### GIVEN RECORDS
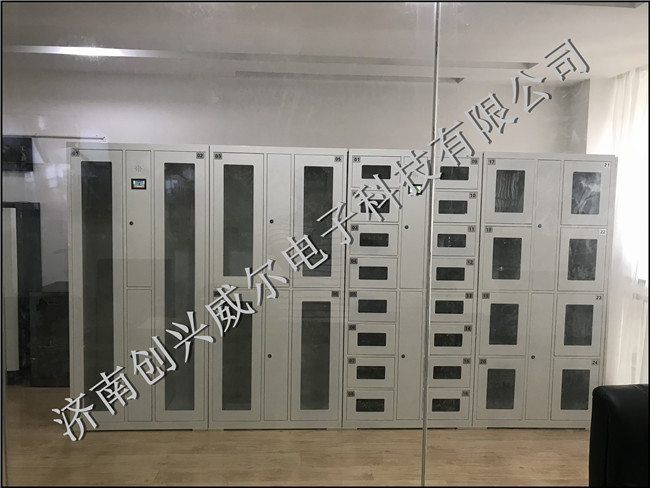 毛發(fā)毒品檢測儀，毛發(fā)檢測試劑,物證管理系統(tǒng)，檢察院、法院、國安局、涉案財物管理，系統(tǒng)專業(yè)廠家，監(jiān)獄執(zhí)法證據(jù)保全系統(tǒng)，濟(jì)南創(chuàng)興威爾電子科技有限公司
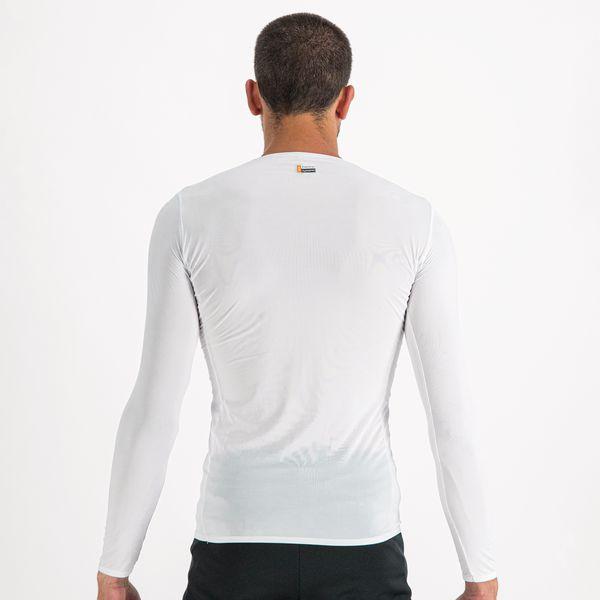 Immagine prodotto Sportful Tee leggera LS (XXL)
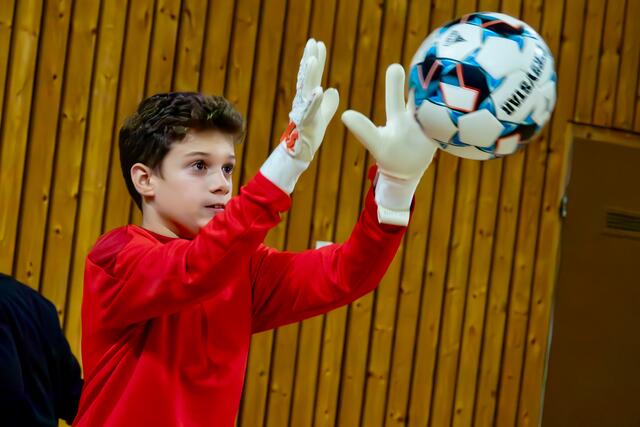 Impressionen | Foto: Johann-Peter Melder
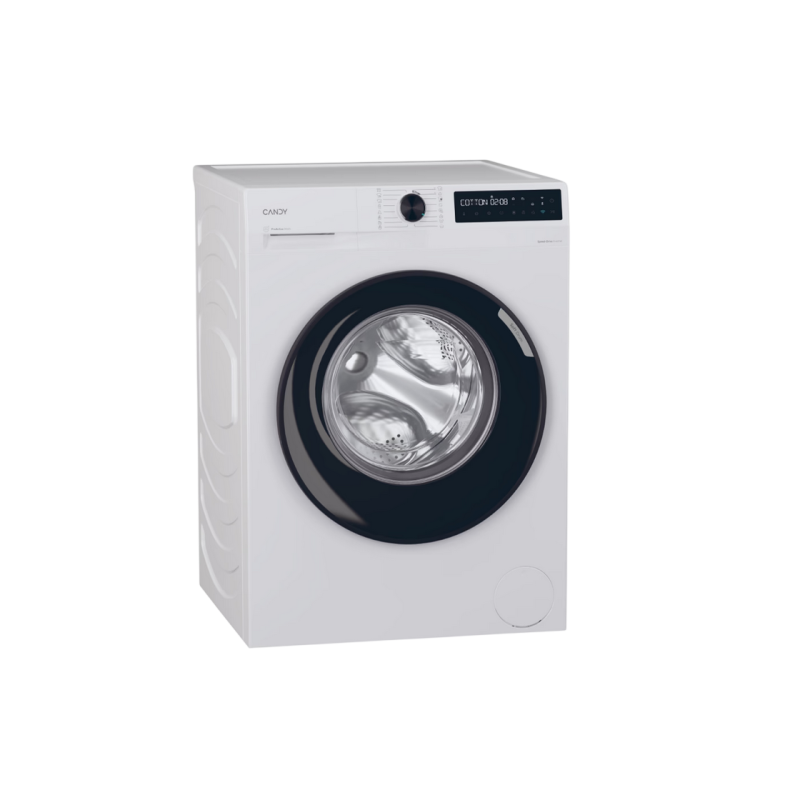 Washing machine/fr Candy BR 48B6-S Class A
---
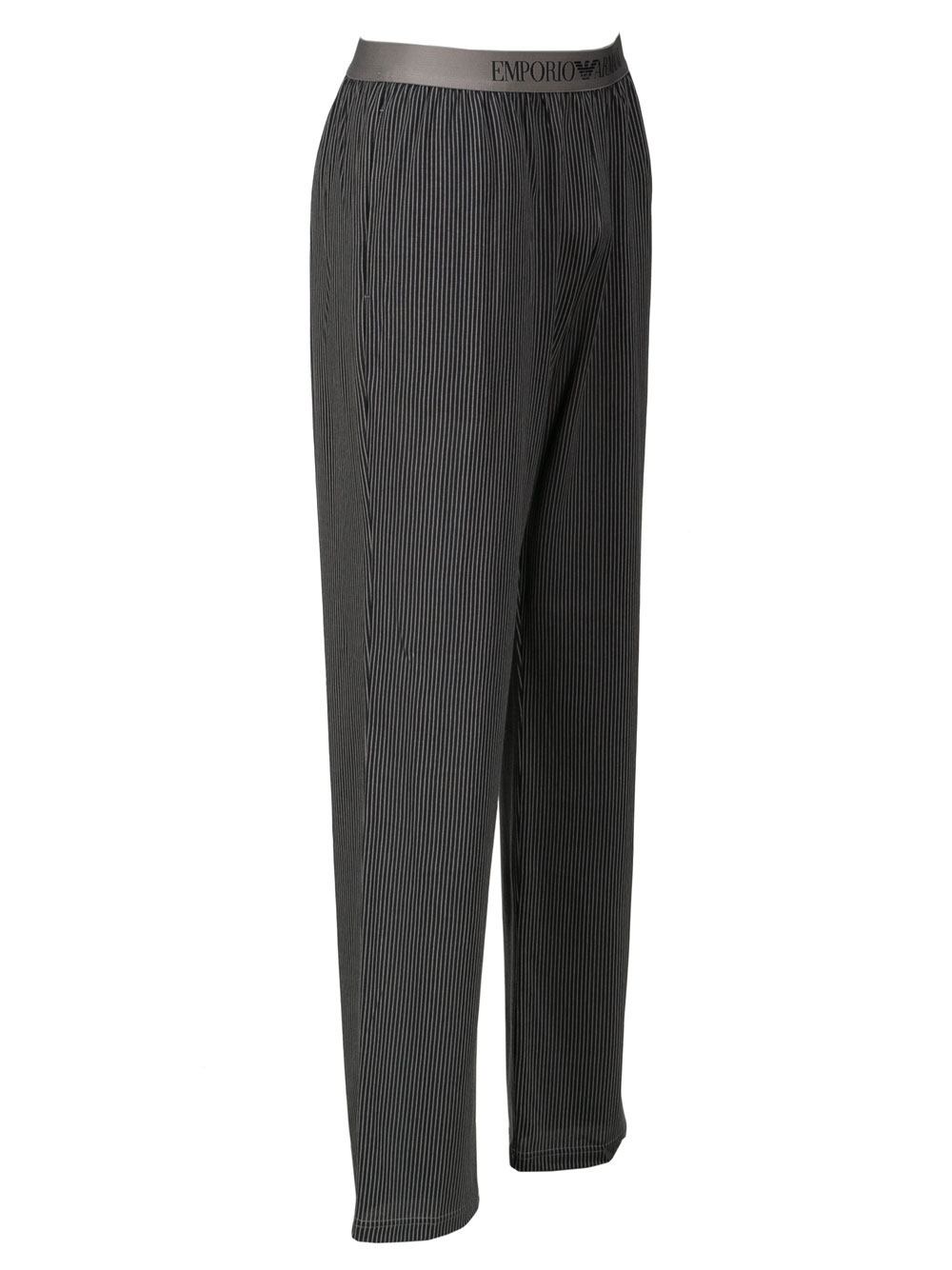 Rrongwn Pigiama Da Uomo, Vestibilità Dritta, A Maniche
==
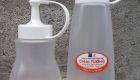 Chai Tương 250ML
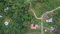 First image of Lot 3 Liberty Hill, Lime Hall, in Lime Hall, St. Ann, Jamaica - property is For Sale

### AIM OF THE TASK
Above are the records; return the lines in them from the one with "Impressionen | Foto: Johann-Peter Melder" to the one with "Washing machine/fr Candy BR 48B6-S Class A", inclusive, exactly and without images.

### REPLY TO THE TASK
 Impressionen | Foto: Johann-Peter Melder
 Washing machine/fr Candy BR 48B6-S Class A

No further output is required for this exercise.